Lutz Schmitt’s group (contribution 5) produced a significant review paper that combines our knowledge of the variety of ABC transporter functions with a new role in bacterial nanomachineries This review focuses on four such nanomachineries: the Mac system, which provides drug resistance; the Lpt system, which catalyses vectorial LPS transport; the Mla system, which is responsible for phospholipid transport; and the Lol system, which is required for lipoprotein transport to the outer membrane of Gram-negative bacteria.

The review by Jones and George (contribution 6) updates our knowledge of ABC structure and function, elaborates on the two models of the transduction cycle, and focuses on the contribution of structure alone to solving the mechanistic riddle of how these integral membrane proteins function as importers or exporters. This review brings ABC transporter structure and mechanistic function up to date by surveying the recent literature in order answer key questions about these transporters.
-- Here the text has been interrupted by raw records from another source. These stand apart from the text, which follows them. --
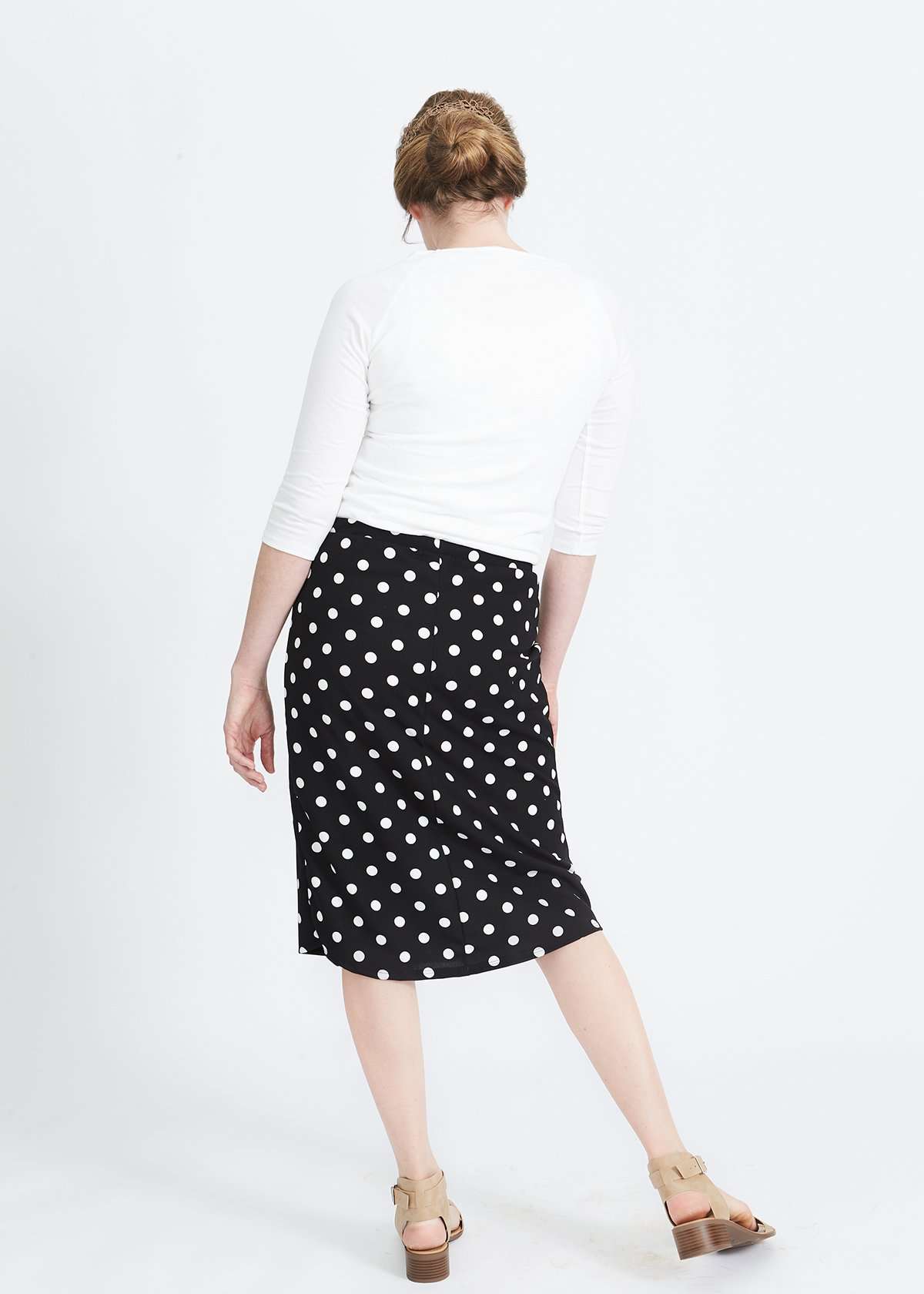 Woman wearing black and white stretch polka dot dress skirt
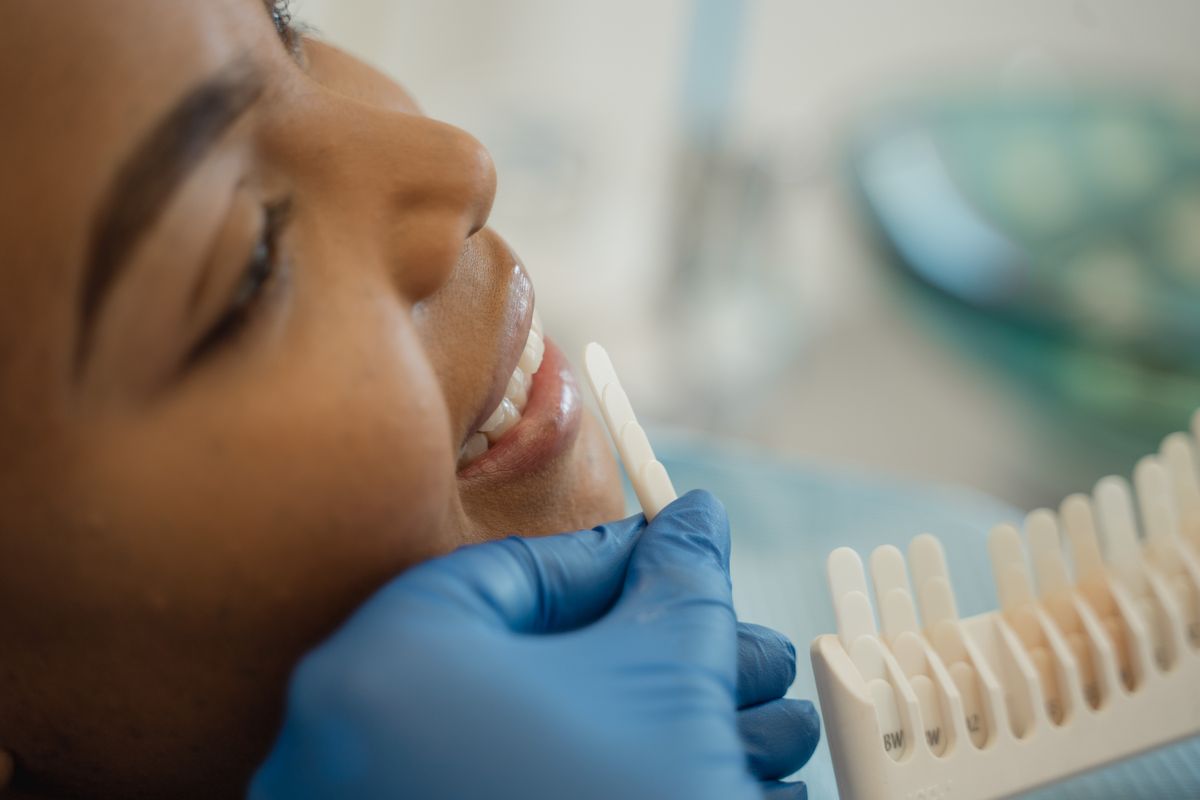 Teeth whitening Kharghar dental clinic — dentist checking tooth shade guide against patient's smile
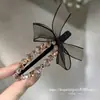 Pinzas para el cabello de pedrería brillante de lujo estilo coreano Dongdaemun Primavera 2026 para mujer, Colección de accesorios para el cabello de la frente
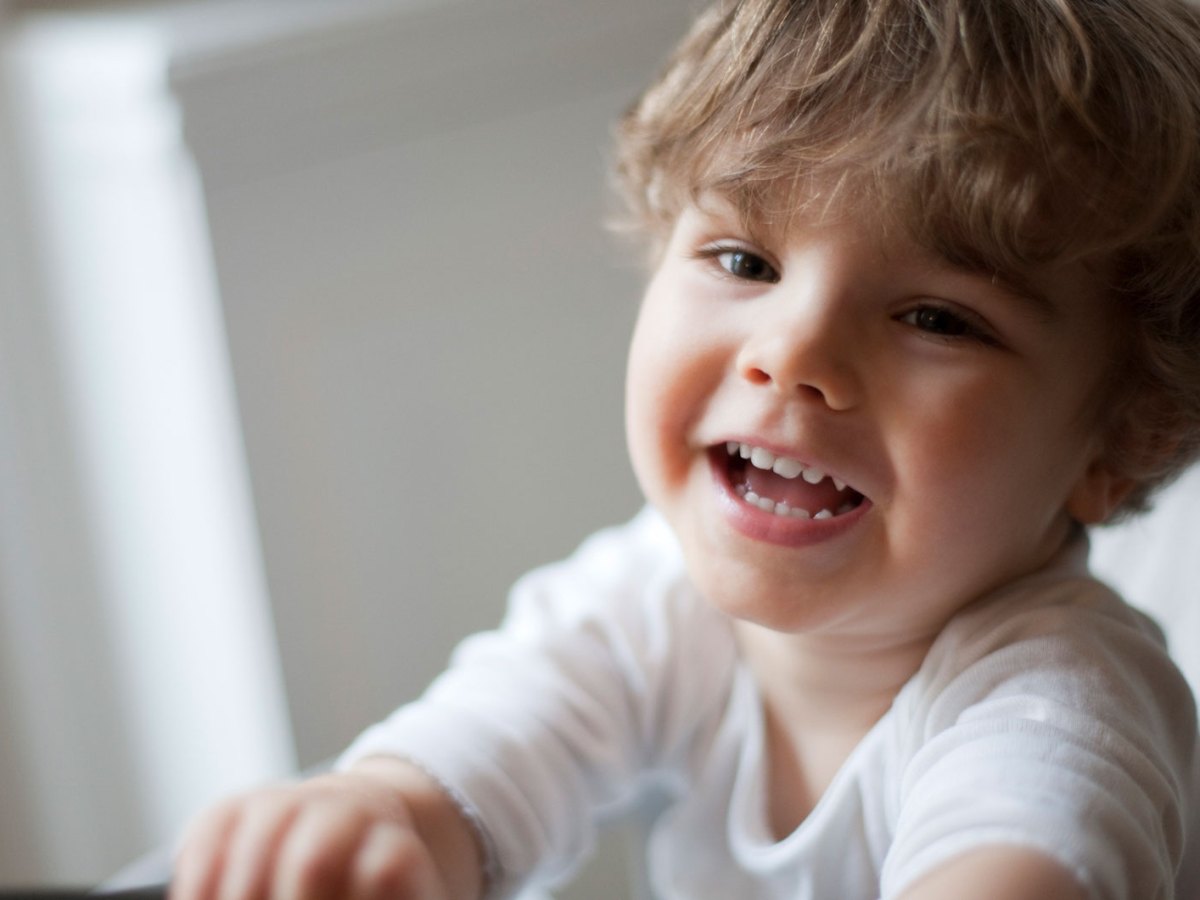 Nahaufnahme eines Dreij&auml;hrigen im Stuhl, der an der Kamera vorbei lacht.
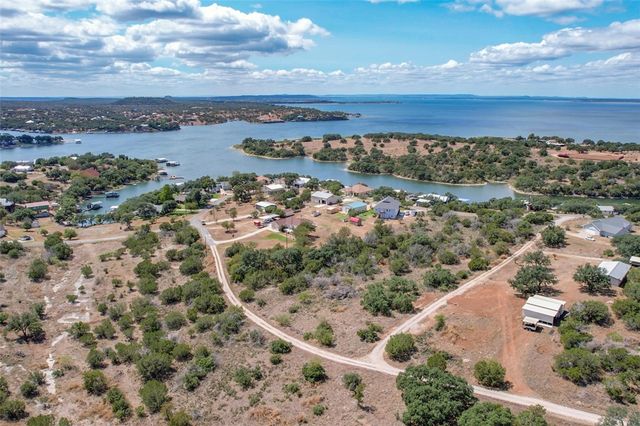 an aerial view of residential building and lake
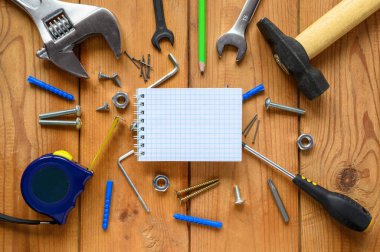 Ahşap zeminde rastgele saçılmış bir sürü inşaat aleti, vida ve panel var. Ortasında notunuzu eklemek için boş karalanmış bir defter var..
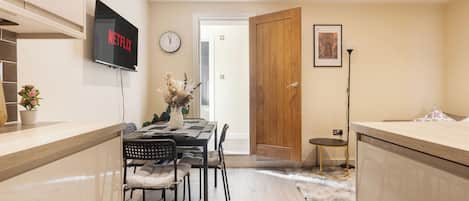 A modern kitchen with a flat-screen TV, a dining area with a wooden table and chairs, and a hallway leading to a door.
Mora Lagares and Novic (contribution 7) simplified the basic challenge of MDR. Throughout decades of study, researchers have struggled to find new therapeutic molecules to reverse MDR associated with the overexpression of ABCB1, the most extensively researched drug efflux pump. In silico models and molecular modelling may predict the interaction of compounds with ABCB1, which is of value in the early stages of drug development. This topic is reviewed by these authors in an updated review of studies and data published in the last five years.

Chai, Callaghan, and Gelissen (contribution 8) provide a comprehensive and current update on the role of P-glycoprotein in the brain. Among the many authors researching this topic, a special mention should be made of Anna Hartz (University of Kentucky), whose excellent work is cited liberally in this review. Since this is a review, it is difficult to summarise or pick out the many highlights; thus, it is suggested that it be read it in its entirety. Suffice to say that, in addition to ABCB1′s role in maintaining the integrity of the blood–brain barrier, its involvement in neurological, neuroinflammatory, and neurodegenerative conditions, including Alzheimer’s disease and epilepsy, is growing in recognition, at an apt point in time for such a review.

This Special Issue, which includes a selection of reviews and research papers on ABC transporters, shows us what most other publications in this field have discovered in the last 45 years—that these crucial proteins, in all species, are reluctant to reveal their complete transduction pathways and cycles. In particular, progress is being made in the study of MDR in cancer research and a host of physiological and pharmacokinetic functions impacted by this important family of primary active transporters.